Si bien Stewart considera que los pacientes podrían organizar un pleito conjunto para recuperar su dinero con las ganancias personales de Fata, en estos momentos ese capital ha sido incautado por el gobierno. El abogado cree que hay más de cuarenta pleitos civiles pendientes contra Fata, pero sin esfuerzos grupales podrían pasar años antes de que se otorgue cualquier suma mediante un litigio.
En los dos años transcurridos desde la caída de Fata, el gobierno ha realizado serios esfuerzos para tapar agujeros e impedir que la corrupción médica siga pasando inadvertida. La implementación de la Ley de Atención Asequible dio paso a la Ley Sunshine de Pago Médico de 2014, la cual exige que fabricantes de medicamentos y productos médicos que reciban reembolsos de programas federales de atención de la salud (como Medicare) notifiquen de cualquier remuneración o servicio proporcionado a médicos y hospitales de enseñanza. A decir de Evans, es un recurso valioso que permite que cualquiera, incluidos los pacientes, dé un vistazo para determinar si un doctor u hospital presenta conflictos de interés potenciales.

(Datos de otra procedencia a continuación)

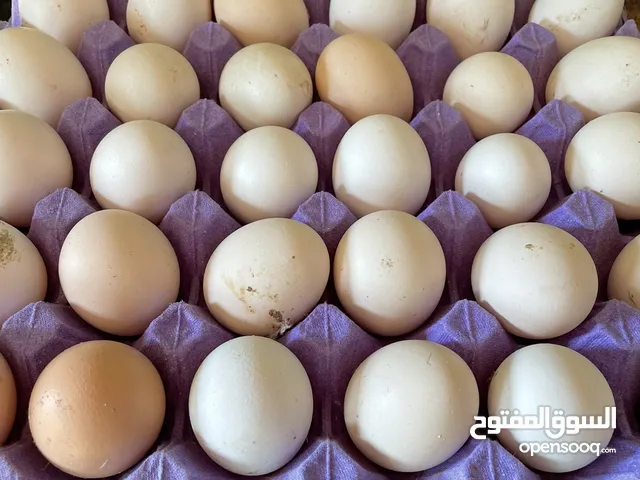 Fresh farm local eggs  بيض طبيعي من المزرعه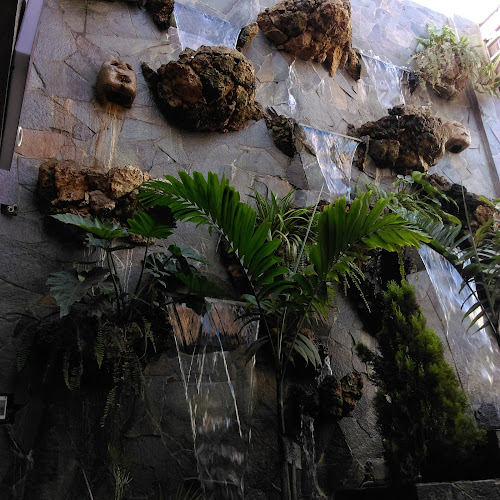 Opinii despre Imperio Inca în Chincha Alta - Gastronomía y hostelería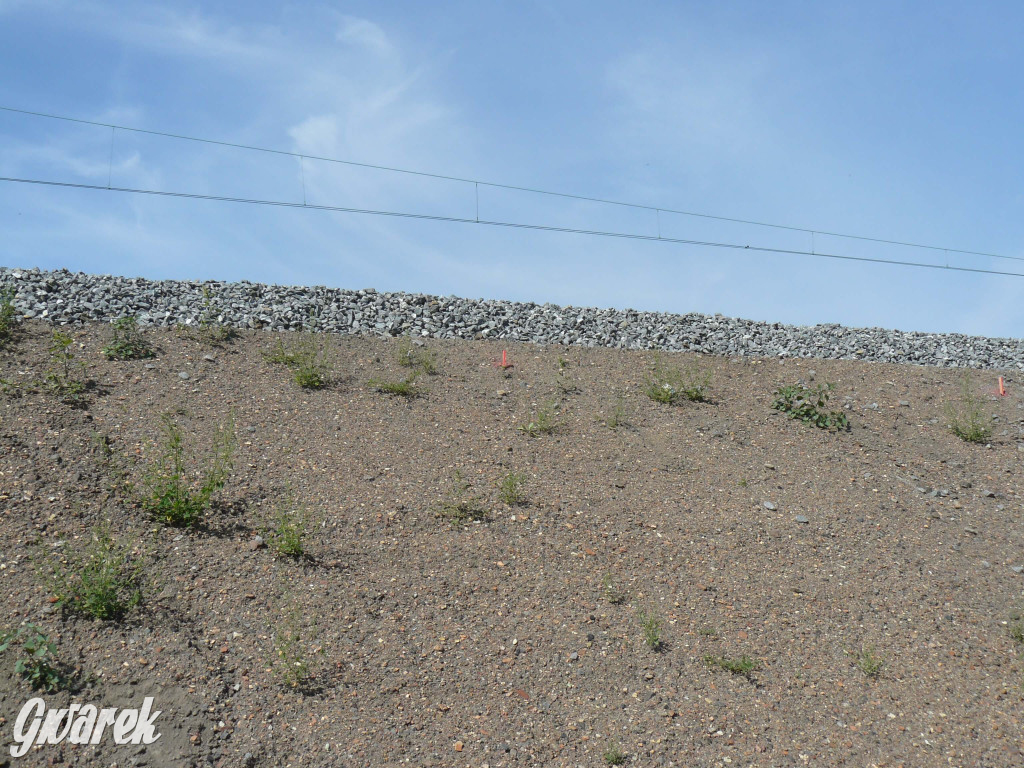 Radzionków. Kiedy otworzą przejazd ul. Zejera?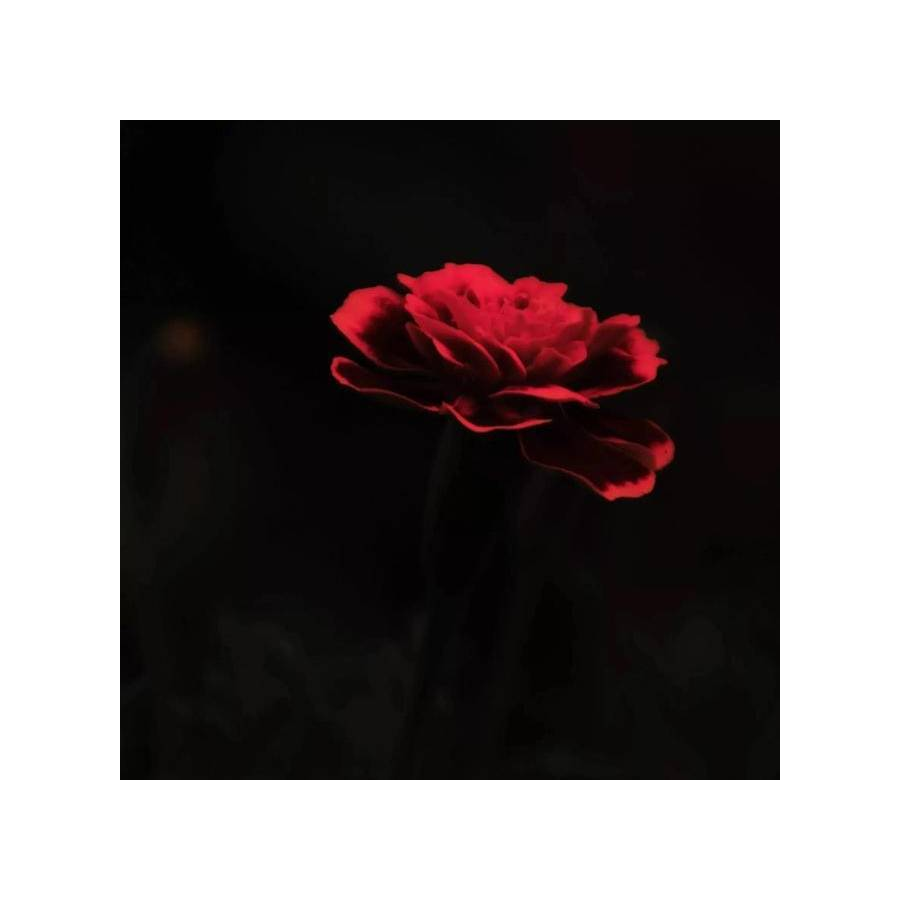 一朵玫瑰🌹
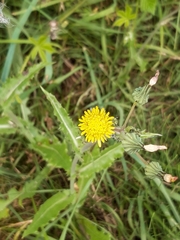 Sonchus asper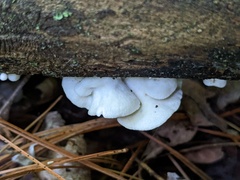Crepidotus vulgaris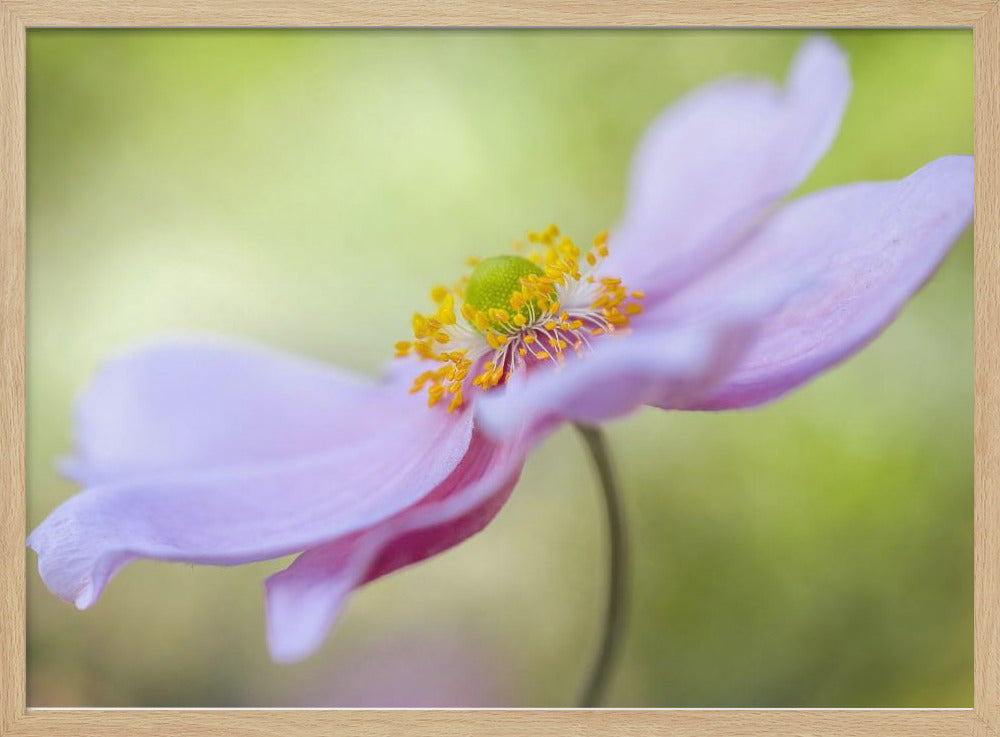 Japanese Anemone | Poster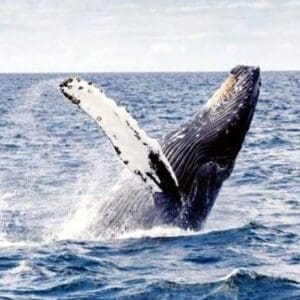 Snorkel/Nature Cruise Combo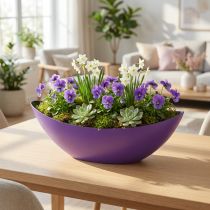 Artikel Pflanzschale Kunststoff Violett Oval 38,5×12,5×13cm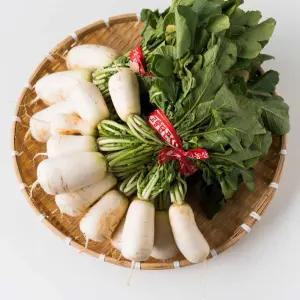 강원도 고랭지 황토밭 알타리무 총각무 무우 4-8kg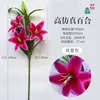 ลิลลี่ฟิล์มพิมพ์ 3 มิติแบบกิ่งสูง สีม่วงแดง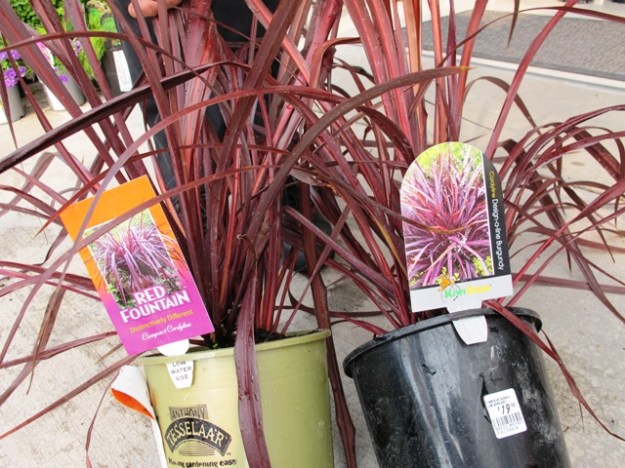 Cordyline Red Fountain (ours) and Cordyline Design-A-Line Burgundy - identical DNA 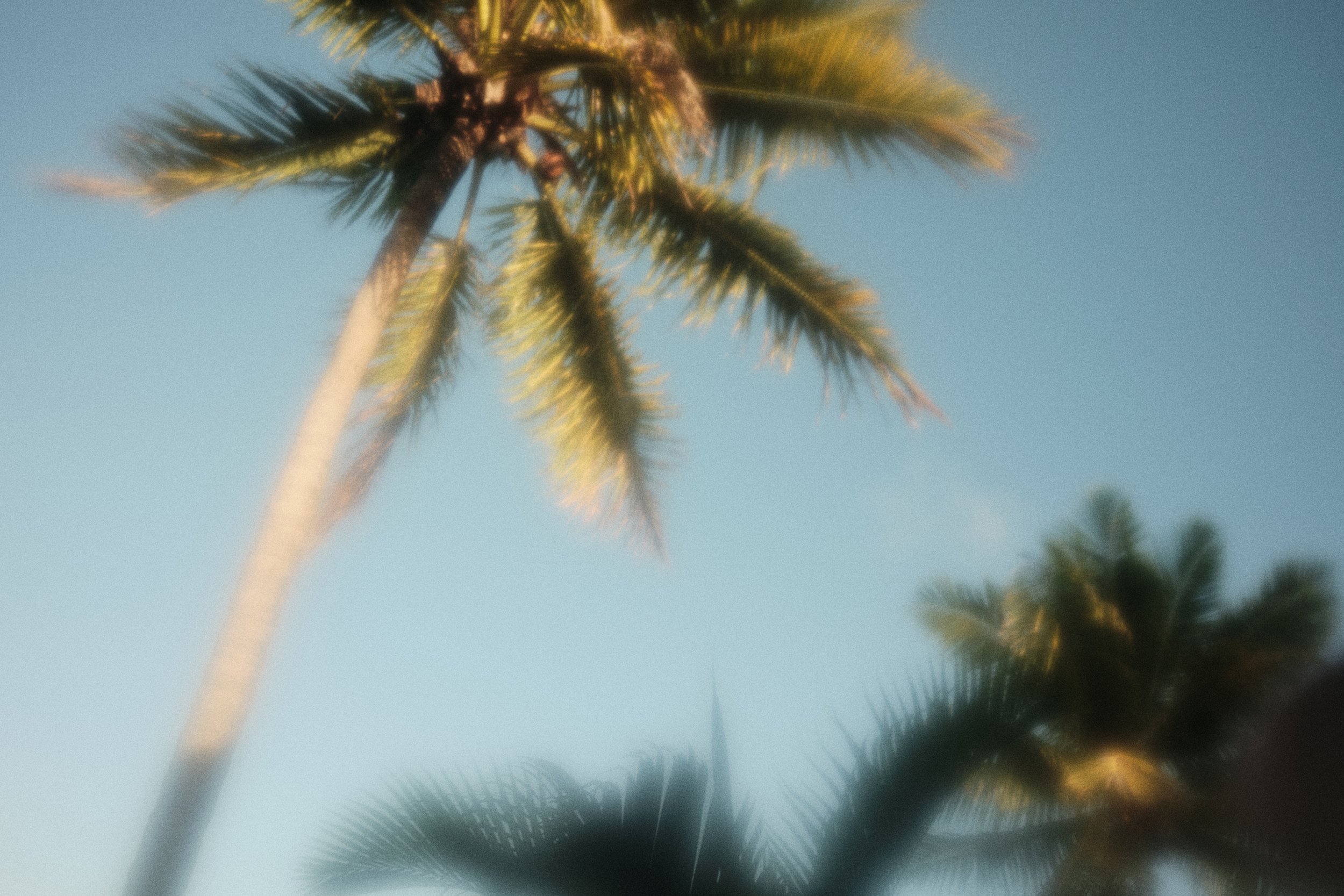 Blurry palm trees against a blue sky 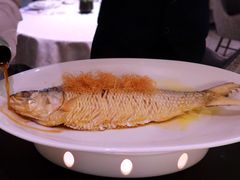 新派酥姜煎鲥鱼-海味观(老西门店)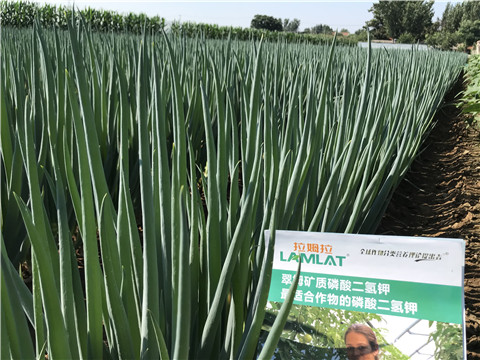 進(jìn)口水溶肥品牌，拉姆拉，翠姆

Pero la mayoría considera que se necesita mucho más. McKeen opina que retirar los límites para daños punitivos y dar mayor transparencia a las investigaciones internas evitaría que “otros Fata” intenten pasarse de la raya. Por su parte, Swantek cree que debe haber más personal dedicado a esas investigaciones. “No debemos depender del FBI para vigilar a nuestros médicos”, dice.
Sin embargo, cualquier solución habrá llegado demasiado tarde para los cientos de personas que Fata victimó. Aun después de escoltarlo a prisión, sus cuerpos lisiados y sus muertes agonizantes serán testimonio permanente de la irrefrenable avaricia de Fata y de nuestro fracaso institucional para prevenirla. Dice McKeen: “¿En dónde están aquí los controles y contrapesos?”